Yes, it is an animation and not a physical machine. But that doesn’t mean it’s a fake. The faker is the person or persons who for some reason decided to add a bunch of hooey to it. Hooeey producers have been around for a long time. We should be used to them by now, I guess.
This vid is still and always will be in my list of favorites. Because to me real means more than something existing in time and space. There are so many things that are real that I cannot touch, see, taste, smell or hear. Much of my experience of life exists now only as memory, but it is real to me. The way my first puppy looked at me, the smell of my dad’s pipe, the shimmery blue sparkles on fresh fallen snow.
The idea that only physical things are real can leave us feeling lost and alone or even ripped off in life, if we let it. Especially when those things we like and people we love move on, move away or pass from this life. It always helps me to remember that many things in this world started out as unreal, as ideas in someone’s mind.

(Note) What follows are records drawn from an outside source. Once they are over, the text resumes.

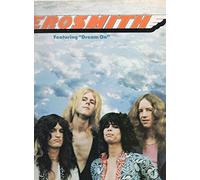 Aerosmith: SAME (featuring "Dream On") CBS 1973 [Schallplatte, LP, Vinyl] (Import)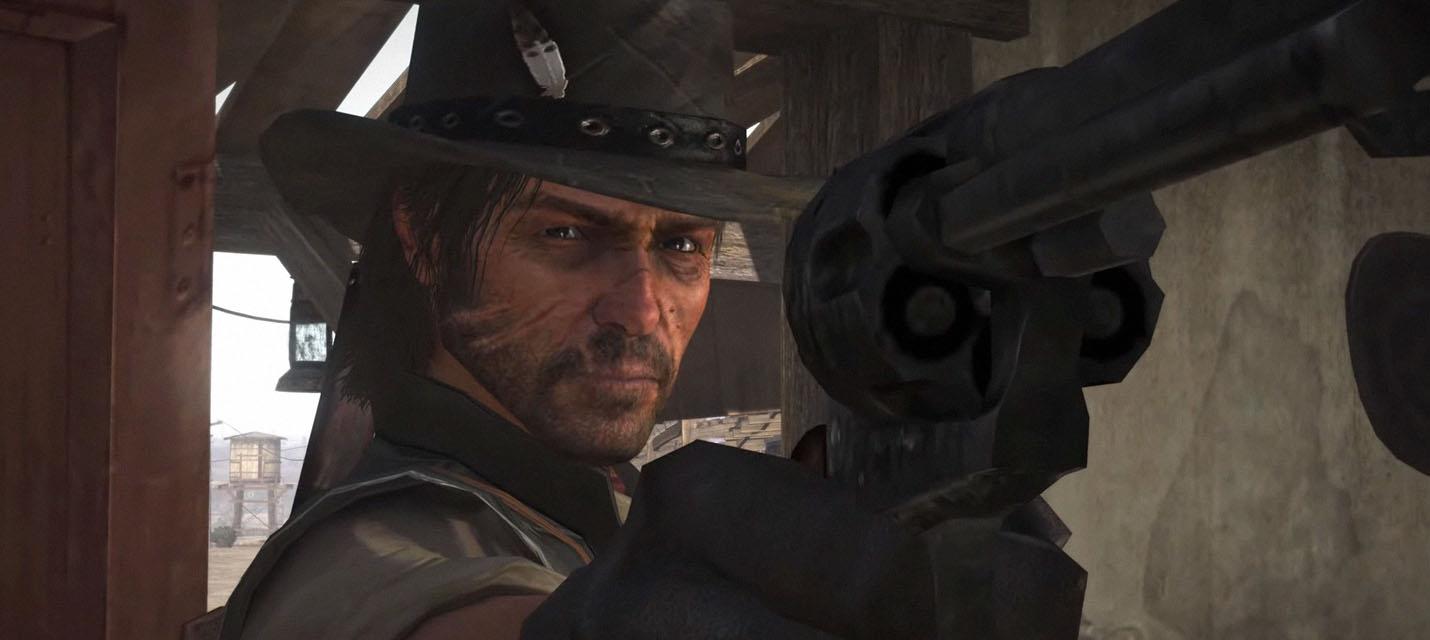 Изображение к Переиздание Red Dead Redemption для PlayStation 5 получило поддержку 60 FPS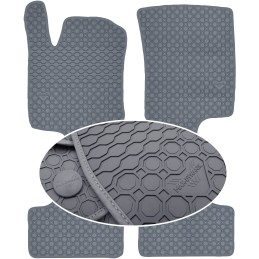 Opel ASTRA II G 1998-2009 m. Guminiai kilimėliai PRIME-LINER MAX-MAT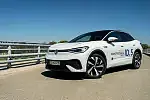 Volkswagen ID.5: nawet 500 km zasięgu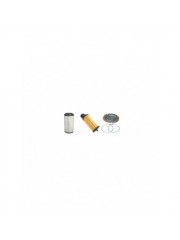ATLAS COPCO GA 45 PLUS Filter Service Kit    SN  507438-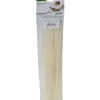 InLine Kabelbinder 3,6mm x370mm natur 100 Stück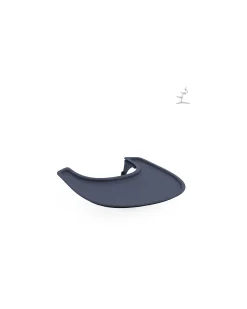 Vassoio per Sedia Evolutiva Nomi - Grigio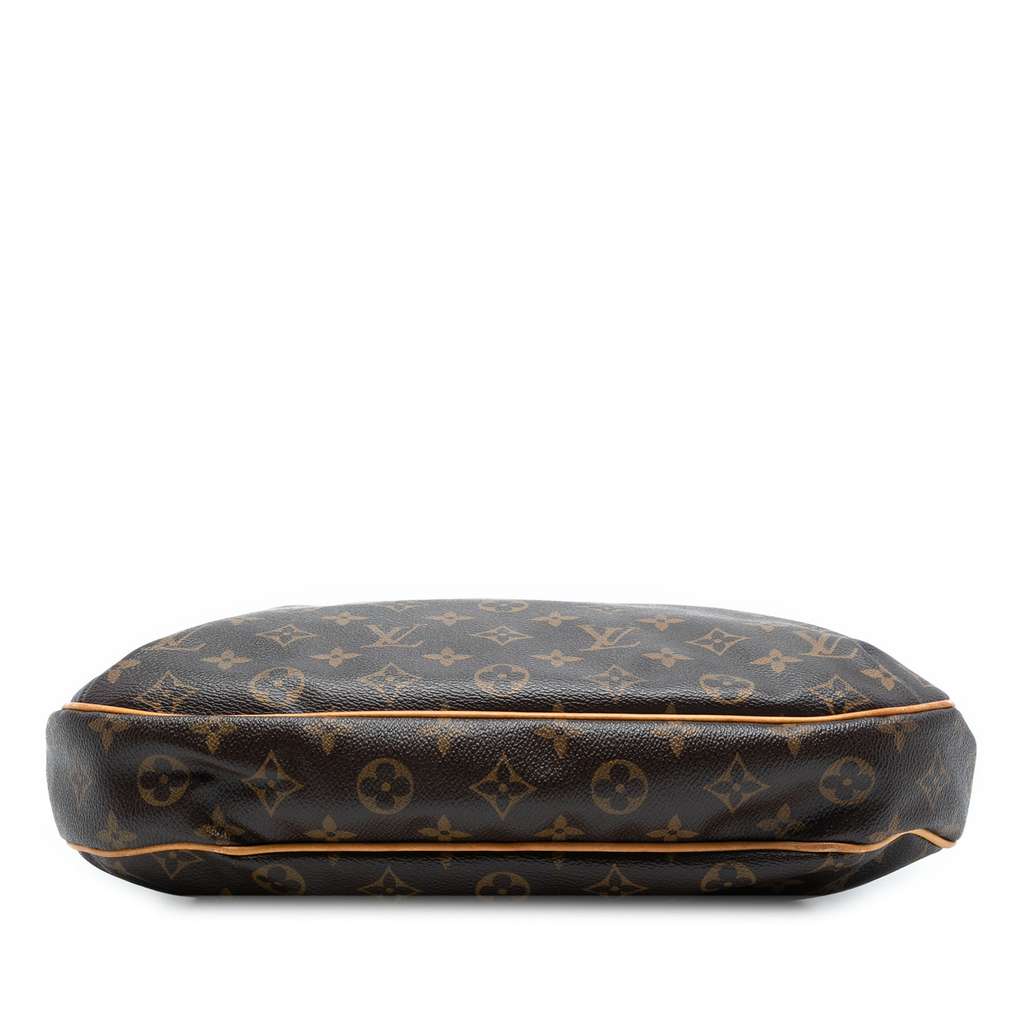 Louis Vuitton Monogram Odeon GM - 3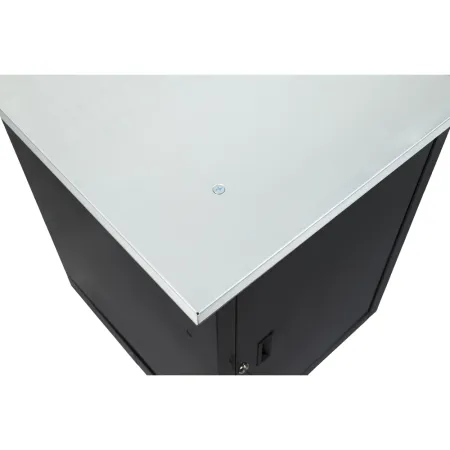 Верстак Inforce с драйвером и тумбой 1600х686х845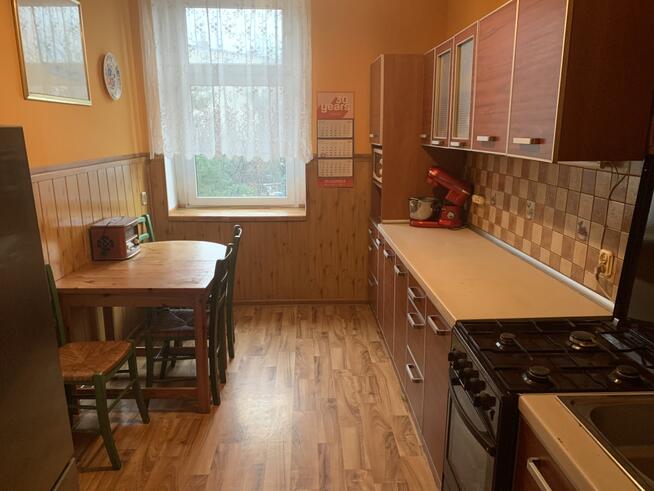 Mieszkanie 4-pokojowe na Tarninowie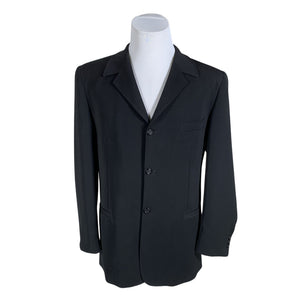Unisex Santarelli - Ülikond, suurus XL - Must (3)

I had an idea once to create a quilt to commemorate some co-workers who had died. That idea was shared with a few other people and they added their notions to it. We gathered raw materials together and before long a real quilt existed in the world. An object that could be seen and touched, but that would never have existed without the original idea.
How many more things can you name that began as thoughts? Houses, cars, books, countries? And what about the earth, the solar system, the universe and we ourselves? Did we exist first as thoughts in the universal creative mind? And if we did is there someone out there on the sideline yelling “Fake, it’s all fake! It was all made out of nothing!”
Funny, don’t you think? I sort of like thinking I was made from nothing, just as much as I like this fantastic music machine. That way I can be as real as I want without too much bother or fuss.